Igiene della Nutrizione: Definizione e Principi Fondamentali

L’igiene della nutrizione è una componente essenziale per la sicurezza alimentare e si intende come l’insieme di norme, comportamenti e pratiche che devono essere seguiti per garantire la tutela della salute del consumatore. Questo include tutte le misure preventive per evitare contaminazioni durante la produzione, manipolazione, conservazione e distribuzione degli alimenti. L’igiene degli alimenti comprende anche il controllo delle condizioni igieniche degli ambienti di lavoro, la formazione del personale addetto alla manipolazione degli alimenti e l’implementazione di sistemi di gestione della sicurezza alimentare come l’HACCP (Hazard Analysis and Critical Control Points).

Definizioni e Scopi dell'Igiene della Nutrizione

Obiettivo generale della nutrizione preventiva è quello di migliorare la salute degli individui e della comunità.
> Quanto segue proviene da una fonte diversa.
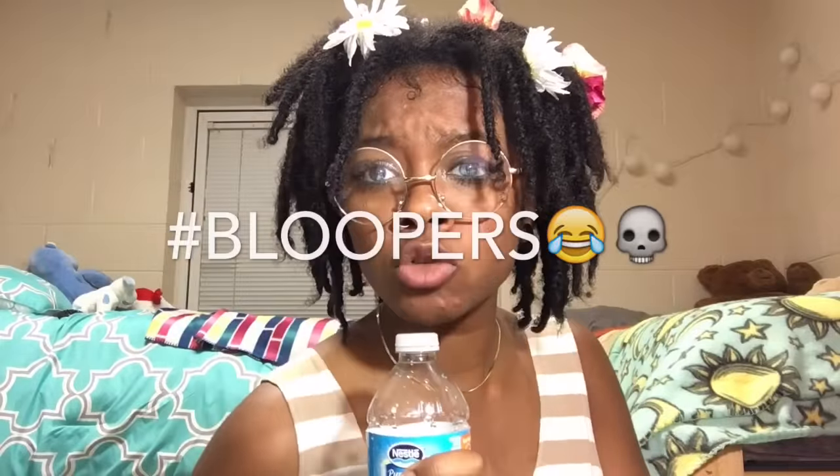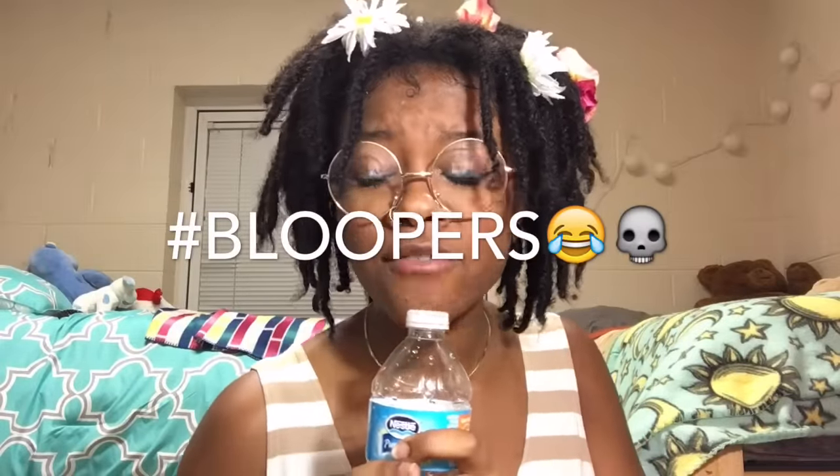Thank you guys for coming back. I see all of your comments, I appreciate all of them, and I read all of them — I take them to heart. Thank you guys so, so much. I hope all is well in your life. Peace, much love — this is Daisy coming to you live from the 615.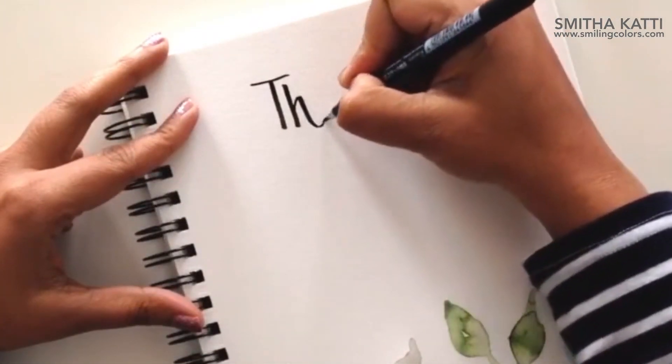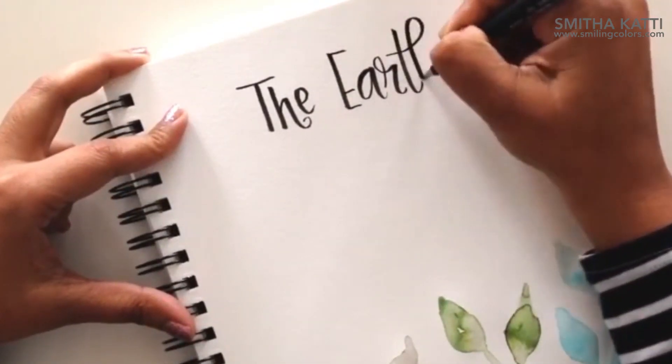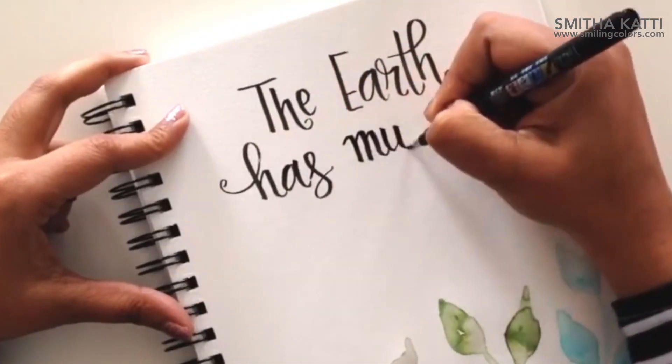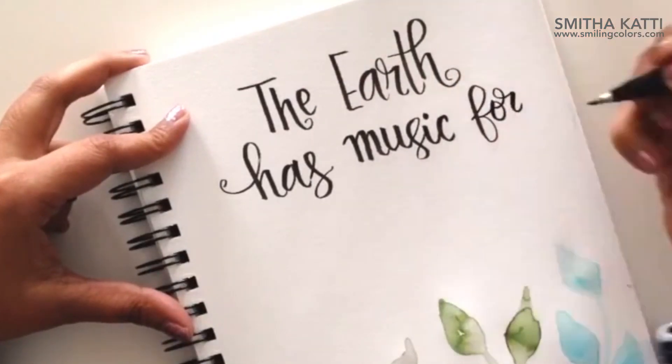And here's another example — in this one I'm using the Tombow Furunusuke but this time with the soft tip. The soft tip gives much thicker down strokes, and once you get used to using this brush pen you will enjoy using the soft tip more and more.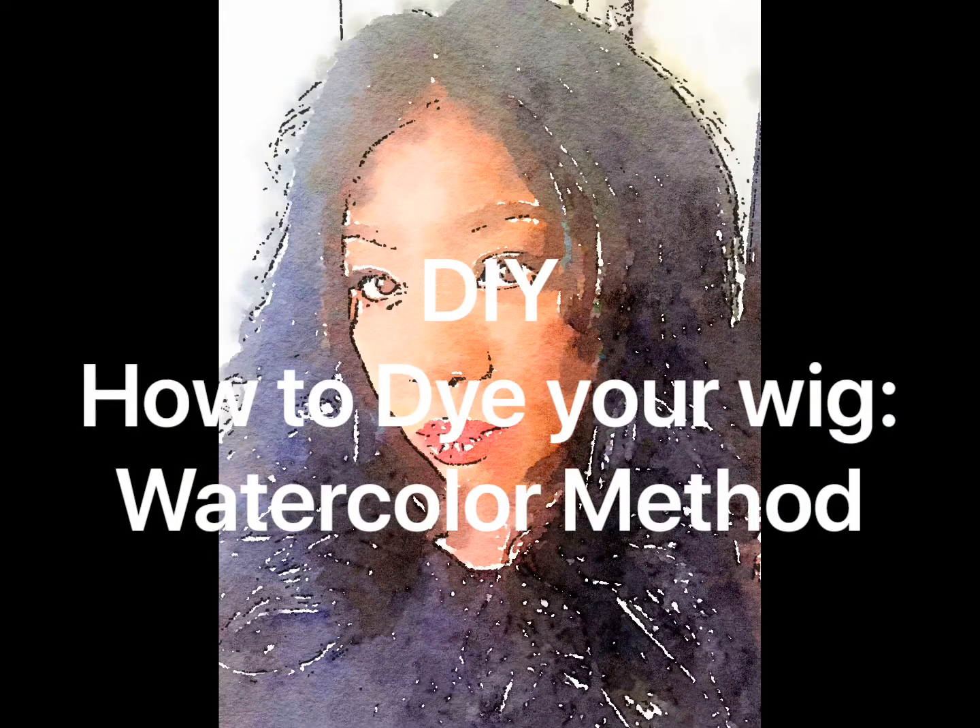Hello and welcome back to my channel. My name is Ty. This is a DIY of how to dye your wig using the watercolor method.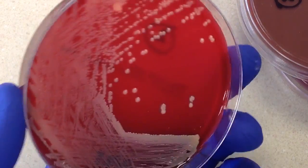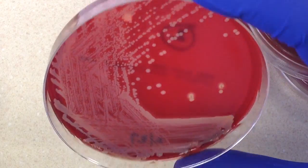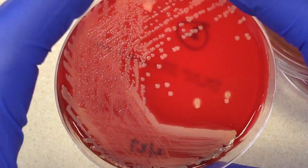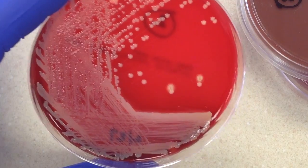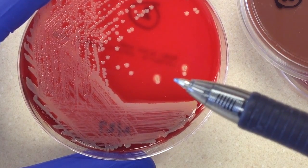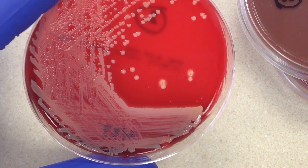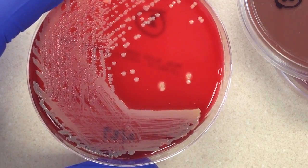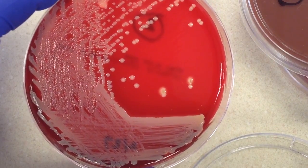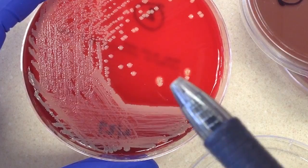Whenever we have a sheep blood plate, one of the things we always have to do is look for hemolysis. We tilt the plate with a light source coming from behind and look at the colonies for beta hemolysis. There isn't much hemolysis around the colonies, but whenever a sheep blood plate is set up, it's always stabbed with the loop during inoculation. We can see there is some hemolysis in that stab — that pertains more to beta hemolytic streptococci. I can see some beta hemolysis around that stab.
Il compito del Servizio aziendale di Igiene degli Alimenti e della Nutrizione (S.I.A.N.) in ambito di igiene della nutrizione consiste nella sorveglianza nutrizionale e nella promozione della salute. La prima è realizzata attraverso raccolte mirate di dati su abitudini alimentari e peso corporeo. Inoltre, il S.I.A.N. ha anche il compito di promuovere l’adozione di una alimentazione sostenibile cioè di una dieta che mette al primo posto la sicurezza alimentare e nutrizionale con un basso impatto ambientale.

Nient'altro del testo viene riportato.